Having talked about the virtual machine reserve and the virtual machine limit – the next logical stop in the discussion of how Hyper-V schedules virtual machine CPU time is relative weight.

“Relative weight” is the third processor resource control setting that you can configure.  Unlike the virtual machine reserve and limit there is no unit for the relative weight.  It is just a number between 1 and 10,000 – which is set to 100 by default.

The CPU relative weight does not come into effect until there is contention for CPU resource on the physical computer.  This means that if you have one virtual machine with a relative weight of 100 and a second virtual machine with a relative weight of 200 – both will get all the CPU time they need if it is available.  Where relative weight comes into play is if virtual machines are asking for more CPU time than is physically available.

With all virtual machines set to a relative weight of 100 (the default for Hyper-V) when there is contention for CPU resource – it will be shared evenly among the virtual machines.  But if one virtual machine had a higher relative weight (e.g. 200) it would receive a higher share of the system resource.

Relative weight works well for people who want to categorize virtual machines as “important” and “not important”. The best thing about relative weight is its flexibility.
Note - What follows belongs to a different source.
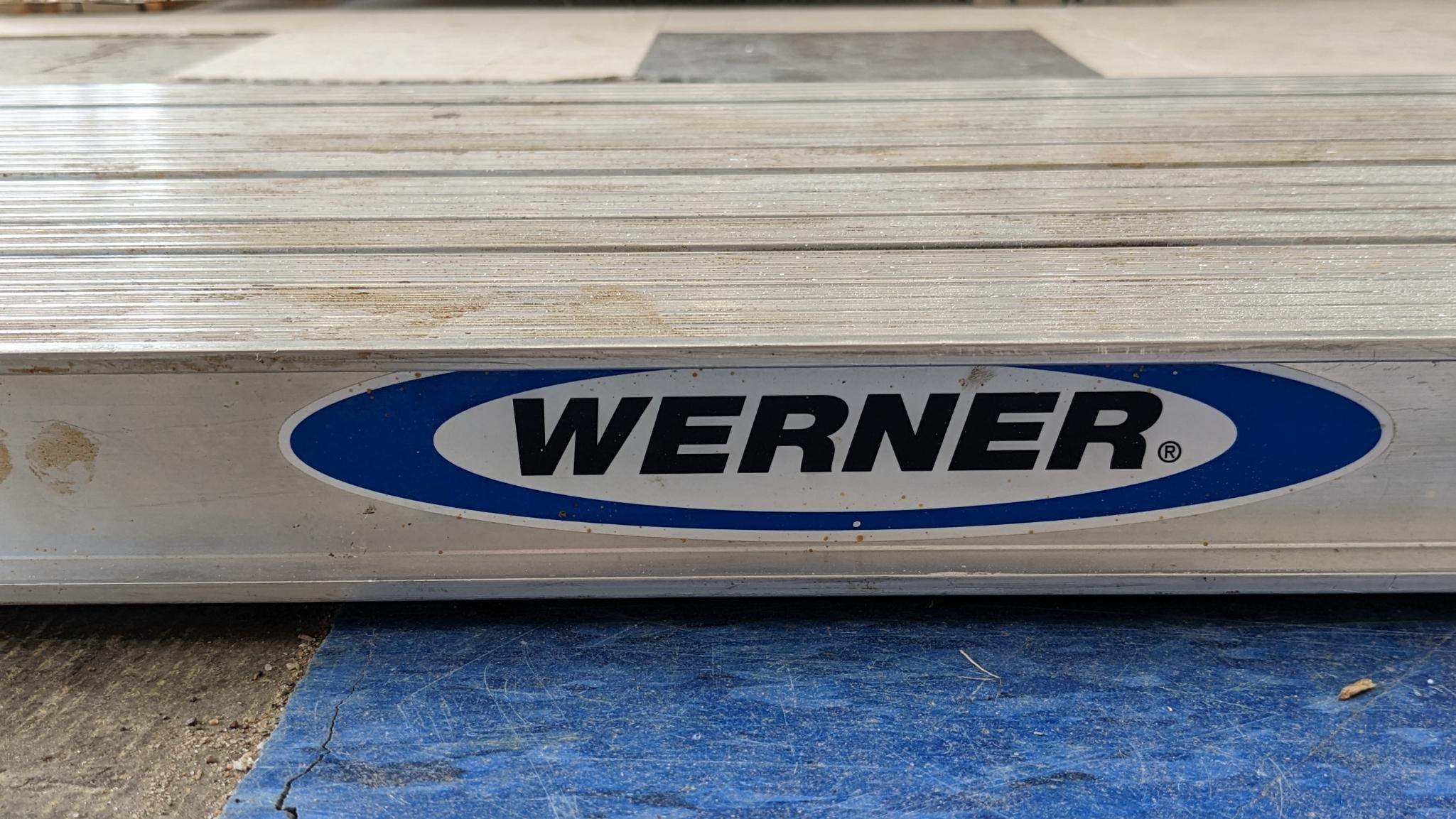 Werner Task-Master aluminum scaffolding extension plank is Model PA208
If you create a new virtual machine you do not need to adjust the weighting on all of the existing virtual machines.

How do people use the CPU relative weight?

The most common reason I hear for using relative weight is when people are mixing production and development or staging environments on the same physical computer.  They use relative weight to mark the production virtual machines as important – and thus ensure that as development virtual machines come and go, they do not interfere with the production systems.

What are the common problems involved in using CPU relative weight?

The common issues that I hear about with CPU relative weight are:

  • There are no guarantees of service

    Unlike the CPU reserve and limit – relative weight provides no absolute guarantees of what level of service a virtual machine.  You can guarantee that one virtual machine will receive more of less resource than other virtual machines – but you still may get less resource than you want.

  • You need to have a common scale for configuring relative weight

    You need to ensure that everyone who configures relative weights in your environment has a common understanding of what am “important weight” is and what a “standard weight” is.  For example – if you had two server administrators; and one used weights of 200 for important and 100 for standard – while the other used weights of 1000 for important and 500 for standard.  Both these administrators would get the same results while their virtual machines remained on their servers.  But if they ever moved a virtual machine between the systems – the foreign virtual machine would be weighted significantly higher or lower than the rest of the virtual machines on the system.